6. In 2003 company S. transferred its shares in the applicant company to a third party.

7. In 2001 and 2003 the Post-Privatisation Control Agency ( later on Privatisation and Post-Privatisation Control Agency, hereinafter “the Agency”, see paragraph 22 below), brought proceedings against company S., seeking payment of the penalties stipulated in the privatisation contract for the latter ’ s failure to fulfil its obligations under that contract to make investments and maintain a number of jobs. After those claims were allowed by the national courts, in 2005 the Agency obtained two writs of execution against company S. and initiated enforcement proceedings.

8. In 2007 the sum due by company S., including interest and costs, totalled 919,286 Bulgarian levs (BGN), the equivalent of 470,223 euros (EUR). By 2015 S. ’ s debt, including further interest and costs, had increased to BGN 2,131,902 (EUR 1,090,486).

9. On 28 November 2008, upon an application by the Agency on the basis of paragraph 8 of the transitional provisions of the Privatisation and Post-Privatisation Control Act (hereinafter “paragraph 8”, see paragraphs 23-24 below), a property register official registered a mortgage against several real properties of the applicant company – a plot of land in Sofia and buildings – as a security for company S. ’ s debt.

10. In 2013 company S. was declared insolvent and became subject to liquidation proceedings. In 2014 the enforcement proceedings against it initiated by the Agency were stayed, and new enforcement proceedings were opened against the applicant company.

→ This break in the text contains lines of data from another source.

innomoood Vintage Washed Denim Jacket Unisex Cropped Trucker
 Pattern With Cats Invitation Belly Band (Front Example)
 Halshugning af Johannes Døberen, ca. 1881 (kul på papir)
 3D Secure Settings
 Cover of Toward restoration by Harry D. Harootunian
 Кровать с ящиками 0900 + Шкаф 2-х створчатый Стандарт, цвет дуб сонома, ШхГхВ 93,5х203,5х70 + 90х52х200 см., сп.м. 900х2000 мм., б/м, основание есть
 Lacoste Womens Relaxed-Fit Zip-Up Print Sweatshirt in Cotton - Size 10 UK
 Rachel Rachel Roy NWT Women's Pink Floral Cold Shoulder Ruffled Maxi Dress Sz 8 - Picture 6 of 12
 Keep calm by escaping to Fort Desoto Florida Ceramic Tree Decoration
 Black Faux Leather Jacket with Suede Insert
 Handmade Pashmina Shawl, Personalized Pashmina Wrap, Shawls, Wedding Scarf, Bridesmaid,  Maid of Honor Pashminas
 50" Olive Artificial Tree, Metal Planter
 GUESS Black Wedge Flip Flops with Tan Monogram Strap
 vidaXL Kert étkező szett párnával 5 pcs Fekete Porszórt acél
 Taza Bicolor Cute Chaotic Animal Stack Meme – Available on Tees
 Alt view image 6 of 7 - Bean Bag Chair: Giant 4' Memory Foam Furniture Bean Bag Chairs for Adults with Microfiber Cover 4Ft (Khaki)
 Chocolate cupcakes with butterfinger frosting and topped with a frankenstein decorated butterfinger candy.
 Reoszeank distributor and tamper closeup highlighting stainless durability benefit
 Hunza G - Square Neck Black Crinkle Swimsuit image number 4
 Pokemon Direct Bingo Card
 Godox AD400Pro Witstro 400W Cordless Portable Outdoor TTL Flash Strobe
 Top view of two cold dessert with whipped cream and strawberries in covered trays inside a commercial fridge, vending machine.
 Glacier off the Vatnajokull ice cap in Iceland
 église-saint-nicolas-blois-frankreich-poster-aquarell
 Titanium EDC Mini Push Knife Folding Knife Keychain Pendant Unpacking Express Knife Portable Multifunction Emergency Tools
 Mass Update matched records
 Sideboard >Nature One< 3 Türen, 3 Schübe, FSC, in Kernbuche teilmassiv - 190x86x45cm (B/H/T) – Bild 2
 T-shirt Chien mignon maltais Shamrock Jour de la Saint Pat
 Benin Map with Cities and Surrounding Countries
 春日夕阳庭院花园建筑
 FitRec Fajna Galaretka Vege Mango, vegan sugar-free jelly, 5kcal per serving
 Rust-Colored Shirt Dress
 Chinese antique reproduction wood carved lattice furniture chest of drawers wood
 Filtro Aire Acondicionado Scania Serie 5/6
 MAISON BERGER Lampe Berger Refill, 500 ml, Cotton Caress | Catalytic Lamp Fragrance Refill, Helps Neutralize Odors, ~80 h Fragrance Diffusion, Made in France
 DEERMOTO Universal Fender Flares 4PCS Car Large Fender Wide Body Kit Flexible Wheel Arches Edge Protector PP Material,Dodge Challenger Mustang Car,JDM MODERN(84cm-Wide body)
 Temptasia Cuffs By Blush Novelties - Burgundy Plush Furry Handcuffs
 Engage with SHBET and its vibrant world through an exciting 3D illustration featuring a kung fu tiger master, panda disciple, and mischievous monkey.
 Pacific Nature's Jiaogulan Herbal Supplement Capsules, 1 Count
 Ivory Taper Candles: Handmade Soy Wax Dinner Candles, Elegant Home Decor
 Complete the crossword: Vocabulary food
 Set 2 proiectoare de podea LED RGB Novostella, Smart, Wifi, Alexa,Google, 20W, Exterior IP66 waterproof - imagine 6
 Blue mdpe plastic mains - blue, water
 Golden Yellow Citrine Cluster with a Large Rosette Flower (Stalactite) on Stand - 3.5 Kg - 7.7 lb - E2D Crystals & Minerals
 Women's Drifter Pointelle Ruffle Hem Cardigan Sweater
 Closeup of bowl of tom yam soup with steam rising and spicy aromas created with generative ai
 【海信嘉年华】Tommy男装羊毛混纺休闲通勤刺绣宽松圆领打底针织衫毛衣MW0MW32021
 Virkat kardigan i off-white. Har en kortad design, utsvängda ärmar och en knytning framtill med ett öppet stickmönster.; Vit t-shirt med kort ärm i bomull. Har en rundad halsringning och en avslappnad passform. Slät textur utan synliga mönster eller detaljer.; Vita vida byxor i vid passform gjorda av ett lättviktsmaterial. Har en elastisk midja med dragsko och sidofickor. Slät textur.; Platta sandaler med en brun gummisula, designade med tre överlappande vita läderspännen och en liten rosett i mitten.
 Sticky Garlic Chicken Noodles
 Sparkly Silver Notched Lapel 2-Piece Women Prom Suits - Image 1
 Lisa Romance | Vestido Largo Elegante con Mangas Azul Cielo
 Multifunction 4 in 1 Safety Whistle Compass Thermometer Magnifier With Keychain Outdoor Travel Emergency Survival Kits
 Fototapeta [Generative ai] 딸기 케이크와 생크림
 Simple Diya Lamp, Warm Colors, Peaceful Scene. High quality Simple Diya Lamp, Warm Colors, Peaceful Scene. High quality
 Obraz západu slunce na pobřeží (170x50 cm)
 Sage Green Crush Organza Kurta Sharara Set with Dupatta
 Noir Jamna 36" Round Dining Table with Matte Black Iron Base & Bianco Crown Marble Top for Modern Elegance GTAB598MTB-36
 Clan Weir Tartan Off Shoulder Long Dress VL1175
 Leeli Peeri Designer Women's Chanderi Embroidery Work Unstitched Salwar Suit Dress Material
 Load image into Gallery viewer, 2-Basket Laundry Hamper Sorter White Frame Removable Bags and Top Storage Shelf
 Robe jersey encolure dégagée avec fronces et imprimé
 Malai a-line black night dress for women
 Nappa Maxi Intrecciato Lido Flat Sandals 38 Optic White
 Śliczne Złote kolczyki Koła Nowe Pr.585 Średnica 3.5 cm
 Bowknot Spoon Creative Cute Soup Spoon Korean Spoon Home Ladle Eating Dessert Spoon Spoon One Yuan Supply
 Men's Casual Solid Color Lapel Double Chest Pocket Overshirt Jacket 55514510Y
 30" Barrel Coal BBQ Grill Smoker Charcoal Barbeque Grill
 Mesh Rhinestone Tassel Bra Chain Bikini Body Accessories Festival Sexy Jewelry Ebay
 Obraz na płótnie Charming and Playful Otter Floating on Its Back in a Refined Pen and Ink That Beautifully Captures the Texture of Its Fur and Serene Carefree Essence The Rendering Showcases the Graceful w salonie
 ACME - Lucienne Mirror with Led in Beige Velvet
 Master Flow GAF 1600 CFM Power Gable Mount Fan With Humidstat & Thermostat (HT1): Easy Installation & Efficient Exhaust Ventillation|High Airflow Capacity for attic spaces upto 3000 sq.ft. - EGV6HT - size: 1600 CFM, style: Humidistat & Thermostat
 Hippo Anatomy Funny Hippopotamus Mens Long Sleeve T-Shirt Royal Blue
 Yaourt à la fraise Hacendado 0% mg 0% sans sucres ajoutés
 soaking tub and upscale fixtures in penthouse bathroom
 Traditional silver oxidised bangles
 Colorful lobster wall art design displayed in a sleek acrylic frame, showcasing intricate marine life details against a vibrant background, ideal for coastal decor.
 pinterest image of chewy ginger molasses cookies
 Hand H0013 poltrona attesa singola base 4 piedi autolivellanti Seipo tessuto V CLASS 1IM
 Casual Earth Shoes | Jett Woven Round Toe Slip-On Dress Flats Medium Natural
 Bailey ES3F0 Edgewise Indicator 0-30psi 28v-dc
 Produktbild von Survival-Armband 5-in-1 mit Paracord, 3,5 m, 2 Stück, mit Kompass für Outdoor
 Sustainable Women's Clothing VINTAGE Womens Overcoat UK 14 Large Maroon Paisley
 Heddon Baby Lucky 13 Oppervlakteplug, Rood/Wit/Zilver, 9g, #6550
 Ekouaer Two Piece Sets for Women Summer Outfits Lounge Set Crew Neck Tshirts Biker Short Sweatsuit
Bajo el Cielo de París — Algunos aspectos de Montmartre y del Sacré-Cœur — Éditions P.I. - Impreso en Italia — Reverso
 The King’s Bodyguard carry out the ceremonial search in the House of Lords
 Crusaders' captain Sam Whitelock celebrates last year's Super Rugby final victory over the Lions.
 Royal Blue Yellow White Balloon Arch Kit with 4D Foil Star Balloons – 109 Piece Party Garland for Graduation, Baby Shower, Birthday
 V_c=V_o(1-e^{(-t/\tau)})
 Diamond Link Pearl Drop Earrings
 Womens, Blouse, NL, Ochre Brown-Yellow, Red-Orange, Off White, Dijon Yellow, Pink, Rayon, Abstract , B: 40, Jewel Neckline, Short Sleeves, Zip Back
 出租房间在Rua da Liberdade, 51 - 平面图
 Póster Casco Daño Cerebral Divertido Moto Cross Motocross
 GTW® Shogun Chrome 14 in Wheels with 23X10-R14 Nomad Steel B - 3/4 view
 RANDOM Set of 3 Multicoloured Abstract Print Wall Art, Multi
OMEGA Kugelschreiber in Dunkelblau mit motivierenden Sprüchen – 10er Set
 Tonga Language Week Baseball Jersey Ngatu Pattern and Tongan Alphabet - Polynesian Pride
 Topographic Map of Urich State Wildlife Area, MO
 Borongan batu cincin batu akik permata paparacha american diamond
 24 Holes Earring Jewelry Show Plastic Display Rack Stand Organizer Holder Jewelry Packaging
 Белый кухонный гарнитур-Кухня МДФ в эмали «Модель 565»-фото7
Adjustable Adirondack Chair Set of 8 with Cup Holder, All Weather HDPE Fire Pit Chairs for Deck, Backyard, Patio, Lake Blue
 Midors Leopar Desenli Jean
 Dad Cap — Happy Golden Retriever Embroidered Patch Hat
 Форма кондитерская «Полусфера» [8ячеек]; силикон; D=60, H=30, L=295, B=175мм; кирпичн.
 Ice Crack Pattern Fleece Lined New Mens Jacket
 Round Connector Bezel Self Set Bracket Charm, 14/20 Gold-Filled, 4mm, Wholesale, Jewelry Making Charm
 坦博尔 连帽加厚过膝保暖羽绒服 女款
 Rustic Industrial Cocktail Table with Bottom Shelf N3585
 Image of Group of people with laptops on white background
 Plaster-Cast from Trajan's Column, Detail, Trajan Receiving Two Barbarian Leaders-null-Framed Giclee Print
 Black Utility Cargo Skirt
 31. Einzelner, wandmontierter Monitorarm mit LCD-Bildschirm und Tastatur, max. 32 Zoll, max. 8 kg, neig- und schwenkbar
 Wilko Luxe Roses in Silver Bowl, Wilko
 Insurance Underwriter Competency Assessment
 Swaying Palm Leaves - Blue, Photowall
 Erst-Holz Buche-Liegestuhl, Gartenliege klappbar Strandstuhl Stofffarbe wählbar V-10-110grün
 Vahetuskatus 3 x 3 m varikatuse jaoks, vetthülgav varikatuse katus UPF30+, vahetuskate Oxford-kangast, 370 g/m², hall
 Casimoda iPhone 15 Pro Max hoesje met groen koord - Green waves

11. In 2015 the applicant company entered into settlement negotiations with the Agency, and in February 2015 paid the Agency a part of company S. ’ s debt, amounting to BGN 101,872 (EUR 52,108).

12. However, following the revocation of paragraph 8 and the Supreme Court of Cassation ’ s judgment of 27 January 2016 (see paragraphs 26 and 28 below), the applicant company withdrew its proposal for settlement negotiations.

13. On 16 August 2016 the applicant company brought proceedings against the Agency, seeking a declaration that the mortgage against its properties was null and void, in particular because it was based on paragraph 8 which had breached requirements of EU law. The applicant company sought in addition to recover the sum of BGN 101,872 paid, according to it, on an invalid legal ground.

14. In the framework of the ensuing proceedings the applicant company was granted a judicial injunction staying the enforcement proceedings against it.

15. The mortgage against the applicant company ’ s property was declared null and void in a judgment of the Sofia City Court of 3 January 2017, upheld on 20 February 2019 by the Sofia Court of Appeal. The domestic courts found in particular, relying on the Supreme Court of Cassation ’ s judgment of 27 January 2016 (see paragraph 28 below), that paragraph 8 contradicted EU law and could not be applied, which meant that the mortgage was devoid of any legal ground.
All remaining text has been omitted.